Influenza pandemics are worldwide outbreaks of disease that occur when a new influenza virus emerges for which people have little or no immunity. The disease spreads very quickly; moving from person to person and can affect whole countries. Many health professionals are concerned that the spread of avian flu throughout eastern Asia presents a significant threat to human health. Worldwide, more than 250,000 deaths from seasonal influenza occur annually. Current treatment methods include vaccines which have to be updated yearly and anti-viral medications which only have limited effectiveness.
Researchers at the Dana-Farber Cancer Institute, Burnham Institute for Medical Research, and the Centers for Disease Control and Prevention have discovered that monoclonal antibodies (mAb) neutralize an unprecedented range of influenza A viruses, including avian influenza A (H5N1) virus, previous pandemic influenza viruses, and some seasonal influenza viruses. The team identified antibodies that neutralize a broad range of influenza A subtypes. The antibodies bind to a highly conserved stem area in the H5 type hemagglutinin (HA). Once they bind to the stem, the virus cannot change to a conformation, which is necessary in order to enter the host cell. This prevents further infection of host cells and the proliferation of virus mutants. The research showed that a great number of different types of bird flu were inhibited by the mAb and that mAbs protected mice that were exposed to the H5N1 virus even when injected three days after the infection.

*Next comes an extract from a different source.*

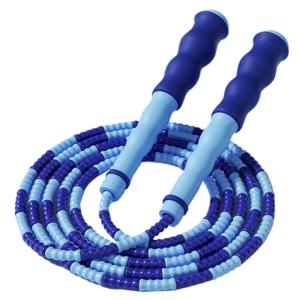 Beaded Jump Rope For High Intensity Workouts Tangle-Free Fitness Soft Beaded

“The head portion of hemagglutinin is highly mutable, leading to the rise of forms of the virus that can evade neutralizing antibodies,” said Robert Liddington, Ph.D, one of the investigators on the study. “However, the stem region of hemagglutinin is highly conserved because it undergoes a dramatic conformational change to allow entry of viral RNA into the host cell. It’s very difficult to get a mutation that doesn’t destroy that function, which explains why we aren’t seeing escape mutants and why these antibodies neutralize such a variety of strains of influenza.”